I currently host my company's website and blog on separate servers, reached by separate domain names - www.example.com and www.example.net. This is so I can give blog server access to our partners without compromising security on our main server. However, our SEO guy is now demanding that the blog be put on our main server, as www.example.com/blog.

I would like to maintain the current server separation rather than putting both on the same server. Is there any good way to keep them separated, but have them both under a single domain name? A subdomain would also be acceptable (blog.example.com).

My main website server is a Debian box running Apache 2, and I have full root access to it. The blog server is run by Hostgator, and I have limited access.

Edit: Thanks, all. In this particular situation I don't particularly want to transfer the blog again, and I don't have easy access to the DNS records, so i went with mod_proxy and it worked like a charm. I wish I could give you all "preferred answer" status, though, because all of your information was awesome.

+2  A: 

A subdomain would be easy: just create an A record in DNS which maps blog.example.com to the IP address of the blog server, and have another A record in DNS which maps www.example.com to the main website server (this latter record probably already exists).

David Zaslavsky
+1  A: 

Would the SEO guy be happy with blog.example.com? It's not the same from an SEO perspective, but it might be good enough for him. I work at a company where SEO is at least 1/3 of what we do, and that's our setup: blog.example.com and www.example.com.

You could try to get fancy and proxy requests to /blog to the 2nd server, if you insist on keeping the blog off your box, but I think you can find a secure way to share space. Proxying like that could get annoying, and it basically doubles the latency to your blog.

Give the blog guys an account on your box; don't give them root/special privileges. If you can get away with it, don't even give them SSH access -- just give them a FTP login (make sure they can't access /var/www), and maybe a mysql account or something. (As you can see, this all depends on how much control/power the blog folks demand.)
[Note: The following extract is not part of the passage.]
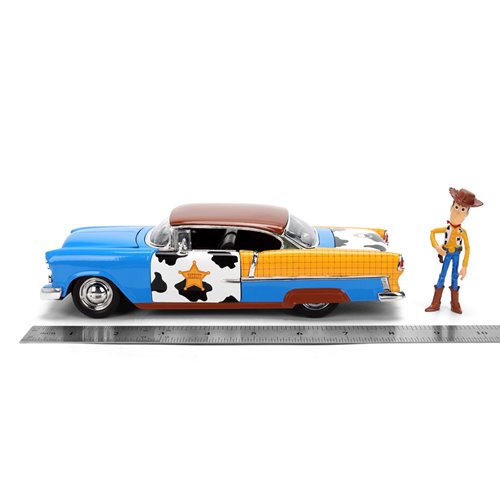 Hollywood Rides Toy Story 1955 Chevrolet Bel Air 1:24 Scale Die-Cast Metal Vehicle with Woody Figure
Then, just make a symlink to the blog root, so they can write to a restricted area like /home/blog/www and still have it included in the website:

ln -s ~blog/www /var/www/blog
ojrac
it wouldn't double the latency...i assume the two servers are sitting next to each other on the same rack, thus instead of just user->server it's user->server->server2, and likely the second hop would be in the range of 1ms, whereas the first hop is in the range of 50-100ms
davr
Given the trust issues OP implied, I'm guessing it's not within a couple milliseconds. ;)
ojrac
A: 

If a subdomain is for some reason not a possible way for you to go, you could use Apache's mod_proxy module to proxy requests to /blog to your second server.